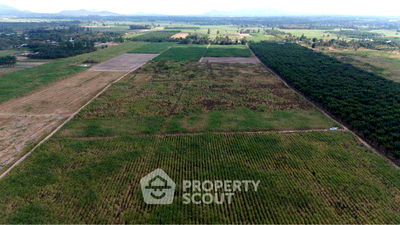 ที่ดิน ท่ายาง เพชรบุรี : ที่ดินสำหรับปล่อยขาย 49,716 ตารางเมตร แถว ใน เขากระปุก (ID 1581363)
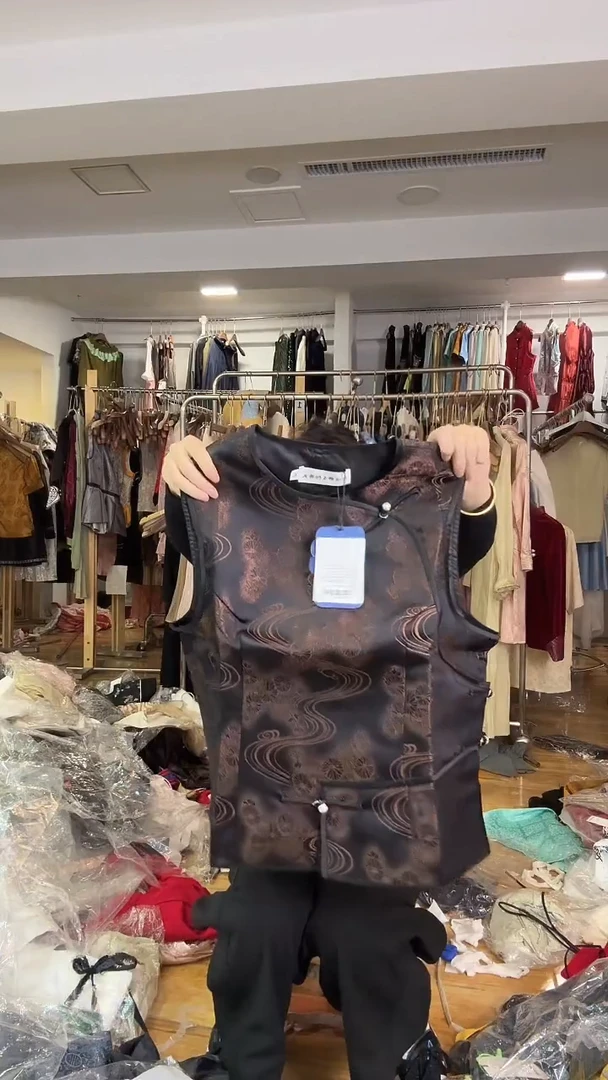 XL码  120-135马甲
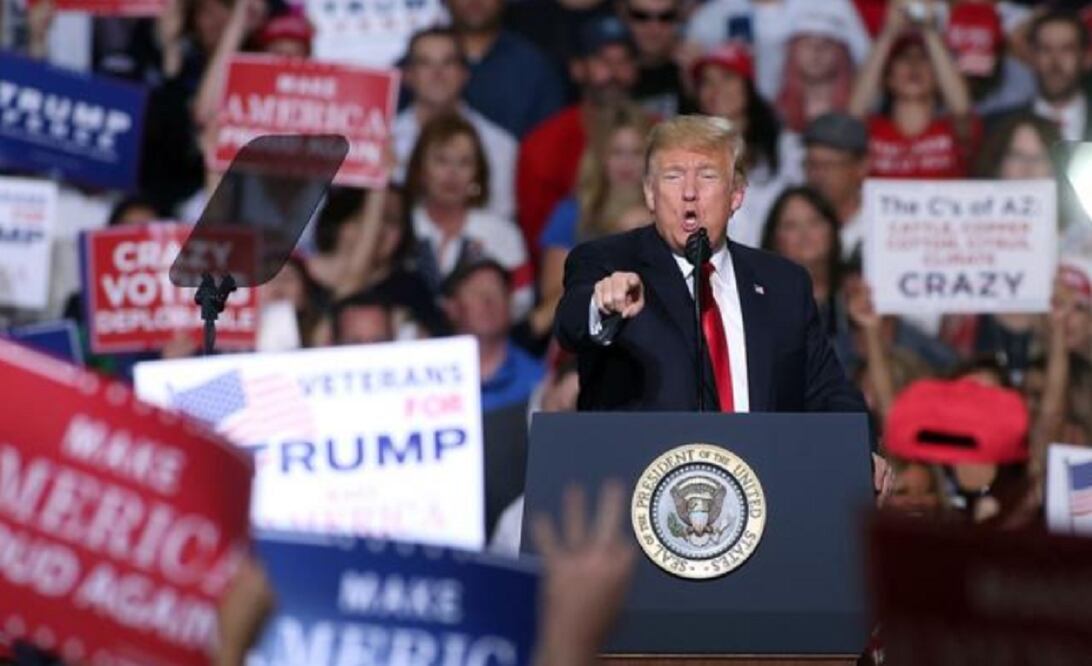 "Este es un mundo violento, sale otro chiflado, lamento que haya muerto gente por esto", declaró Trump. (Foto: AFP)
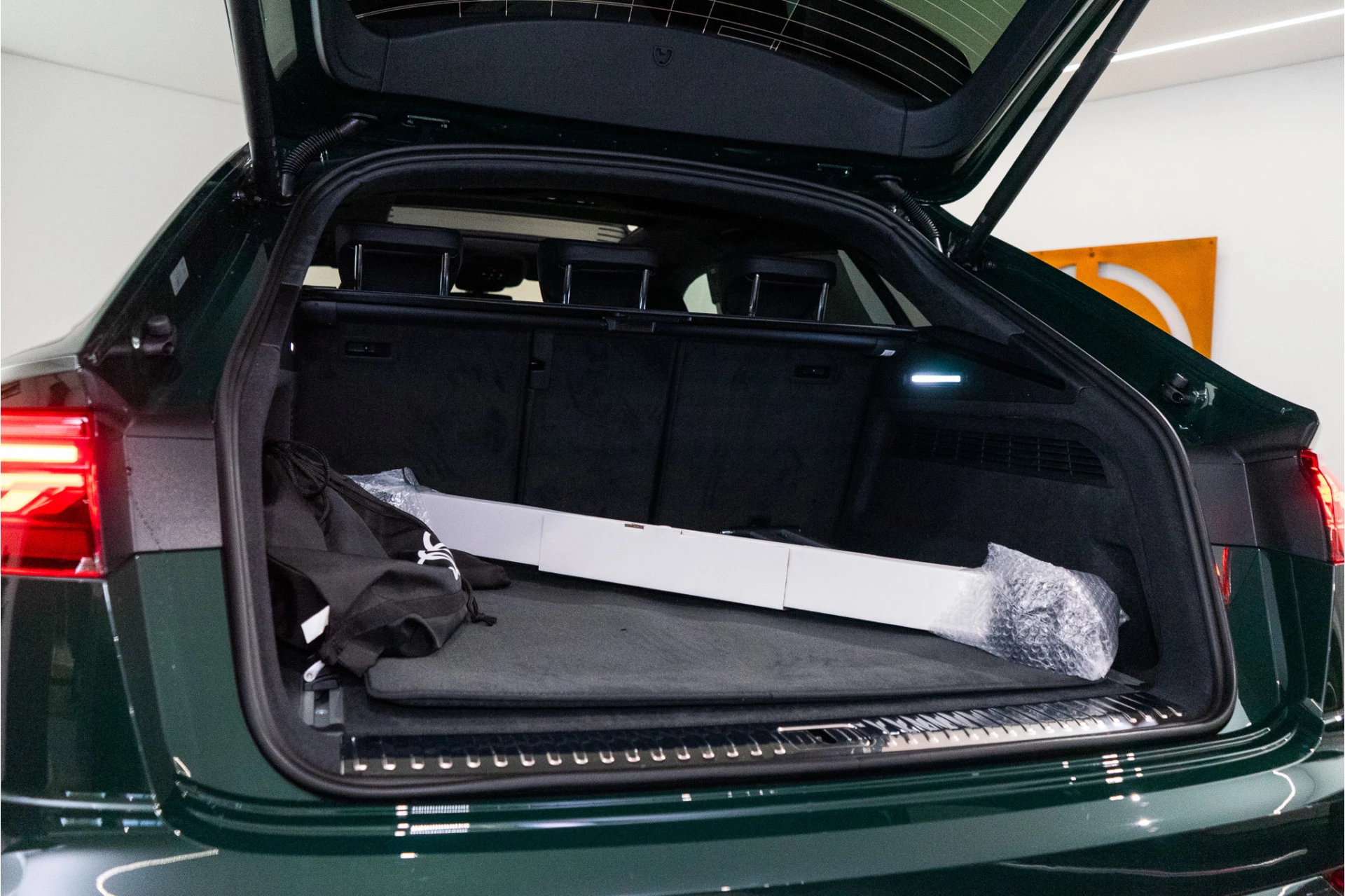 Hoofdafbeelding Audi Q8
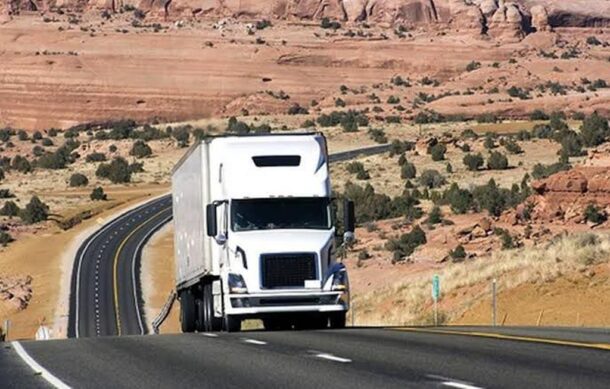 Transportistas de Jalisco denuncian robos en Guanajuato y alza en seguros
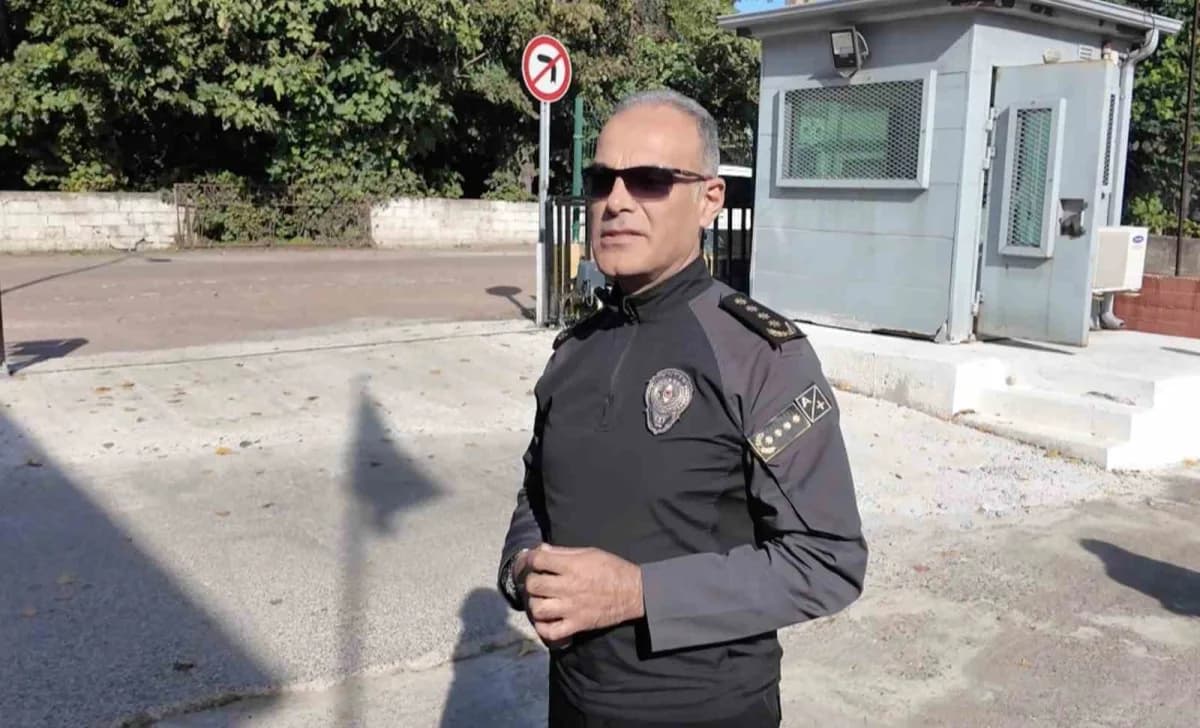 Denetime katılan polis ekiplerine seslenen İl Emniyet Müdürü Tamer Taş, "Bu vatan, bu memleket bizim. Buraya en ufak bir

☆ ☆ ☆ ☆ ☆

Repeat each entry exactly as given; no pictures belong in the copy.

 ที่ดิน ท่ายาง เพชรบุรี : ที่ดินสำหรับปล่อยขาย 49,716 ตารางเมตร แถว ใน เขากระปุก (ID 1581363)
 XL码  120-135马甲
 "Este es un mundo violento, sale otro chiflado, lamento que haya muerto gente por esto", declaró Trump. (Foto: AFP)
 Hoofdafbeelding Audi Q8
 Transportistas de Jalisco denuncian robos en Guanajuato y alza en seguros
 Denetime katılan polis ekiplerine seslenen İl Emniyet Müdürü Tamer Taş, "Bu vatan, bu memleket bizim. Buraya en ufak bir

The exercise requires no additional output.